Records excerpted from a collection
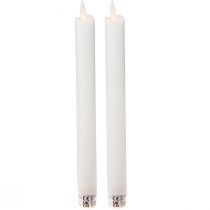 položky LED sviečky voskové tyčinky sviečky biele na batériu 24cm 2 kusy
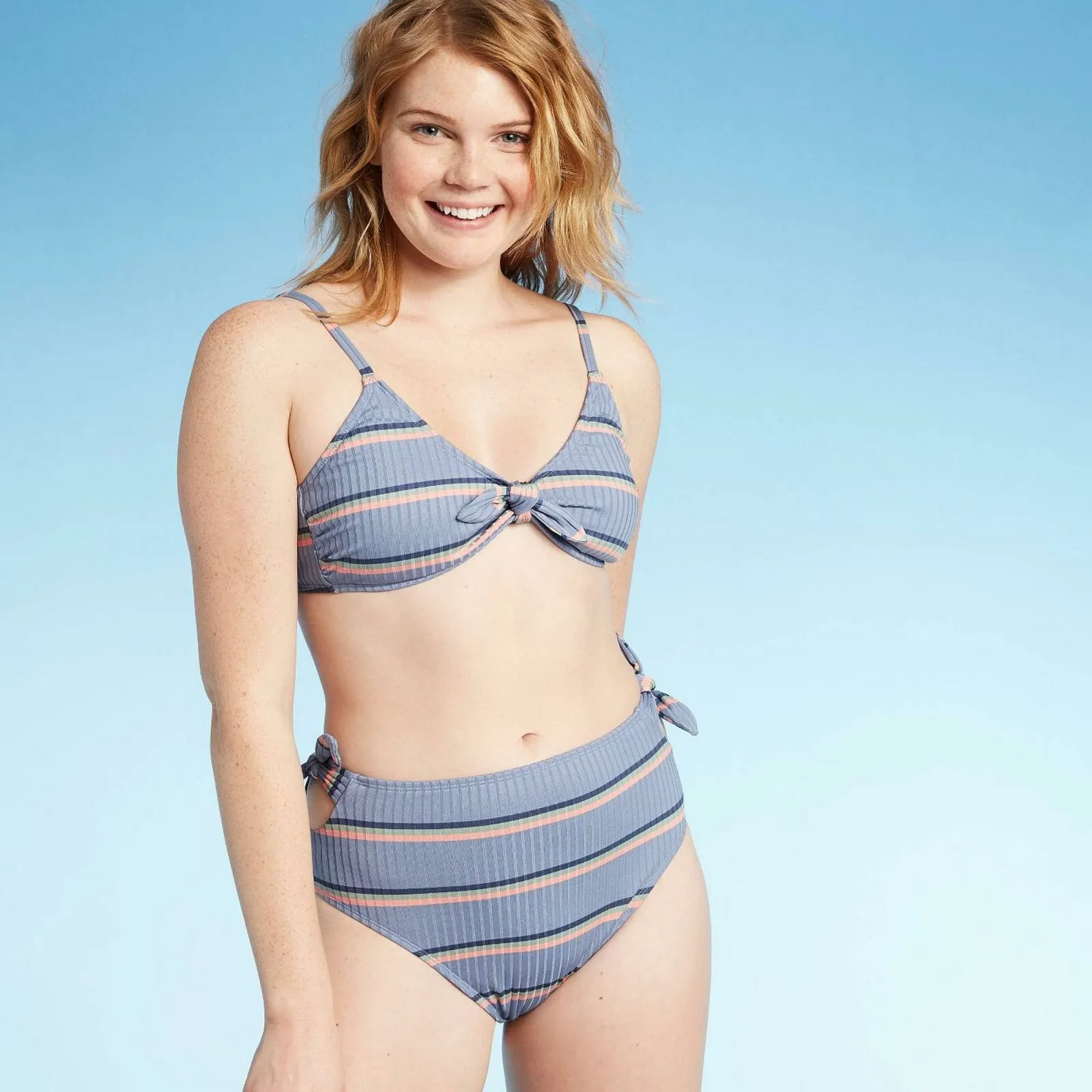 NWT Xhilaration Women's Ribbed High Waist Bikini Bottom. AFJ78B Small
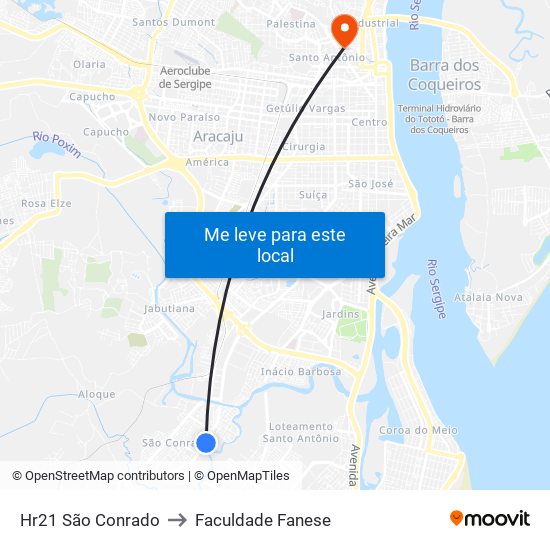 Hr21 São Conrado to Faculdade Fanese map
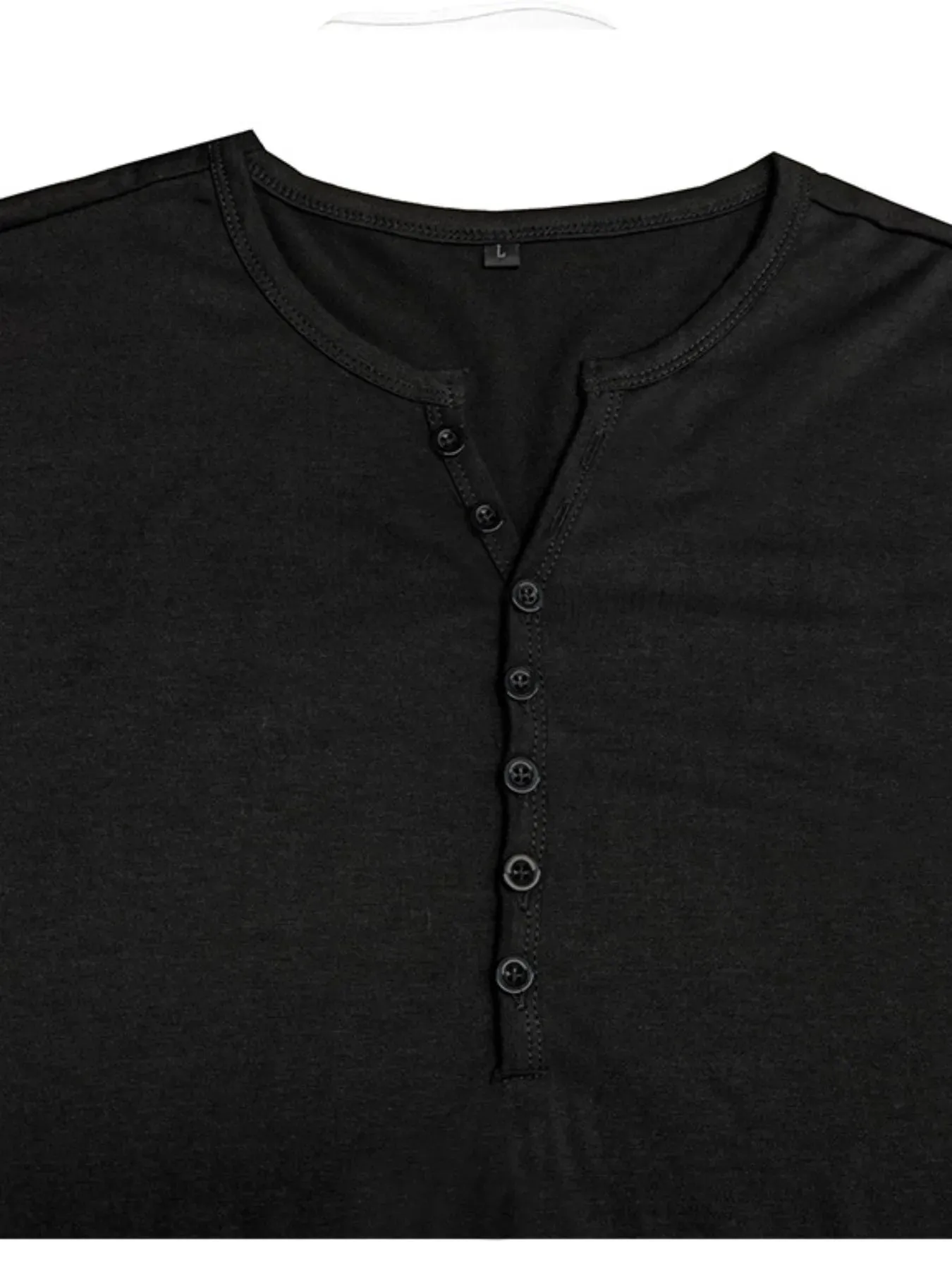 Men's Classic Henley Short Sleeve Polo Shirt sold by Gigi Laurent product image thumbnail 5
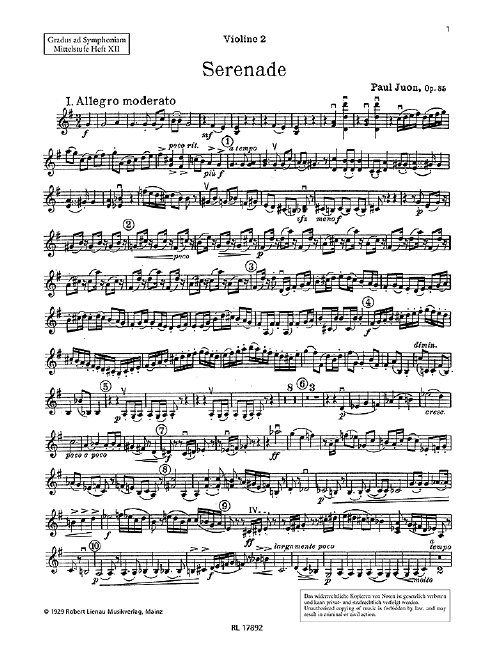 Front Cover Image Serenade op. 85 Band 12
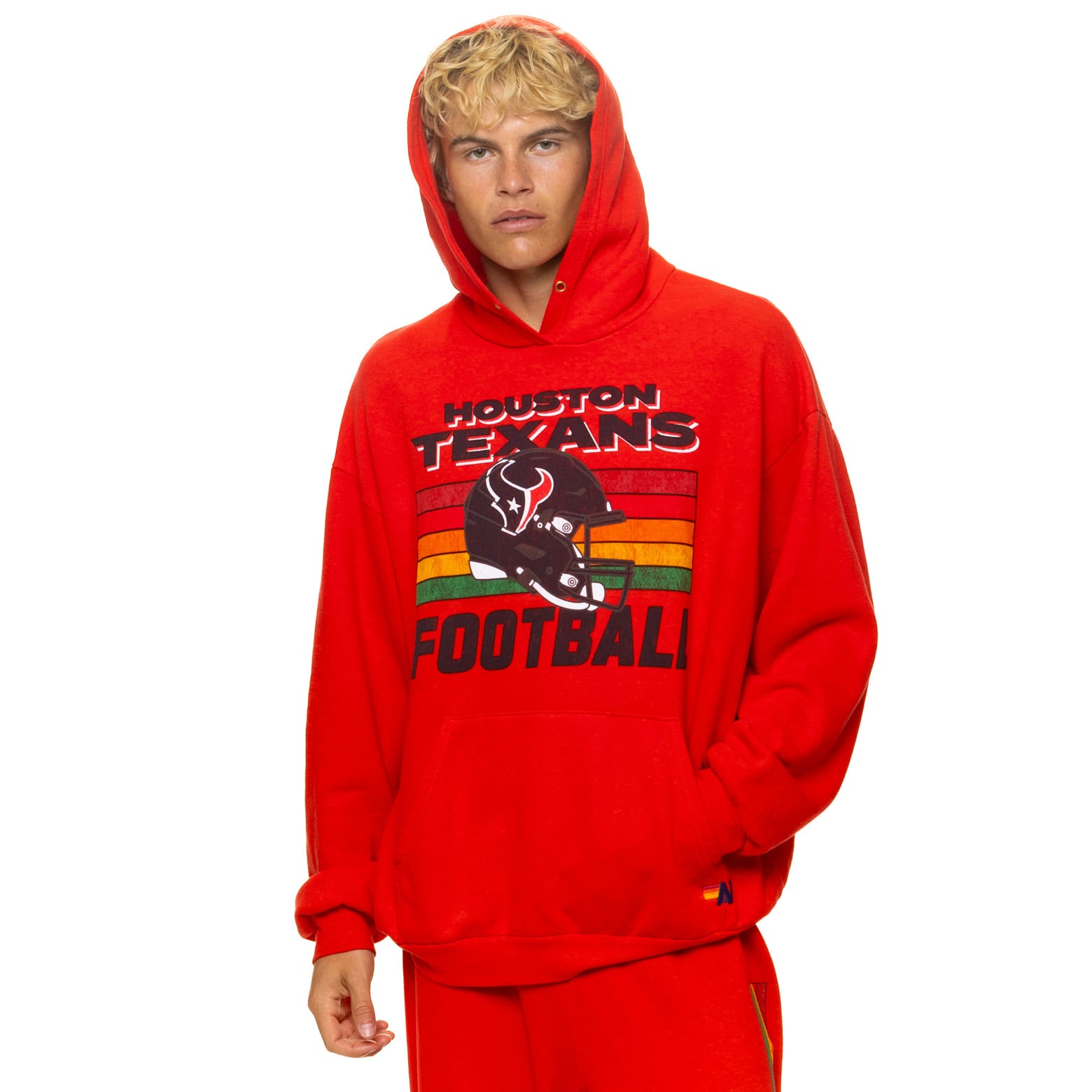 Sweat à capuche unisexe Aviator Nation rouge Houston Texans, coupe décontractée, en mélange de trois matières
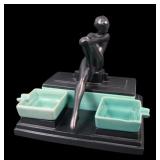 Marked Frankart Art Deco Nude Smoking Set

#### [Required action]
Retype the data above exactly. Do not carry over any images.

#### [Result below]
 položky LED sviečky voskové tyčinky sviečky biele na batériu 24cm 2 kusy
 NWT Xhilaration Women's Ribbed High Waist Bikini Bottom. AFJ78B Small
 Hr21 São Conrado to Faculdade Fanese map
 Men's Classic Henley Short Sleeve Polo Shirt sold by Gigi Laurent product image thumbnail 5
 Front Cover Image Serenade op. 85 Band 12
 Sweat à capuche unisexe Aviator Nation rouge Houston Texans, coupe décontractée, en mélange de trois matières
 Marked Frankart Art Deco Nude Smoking Set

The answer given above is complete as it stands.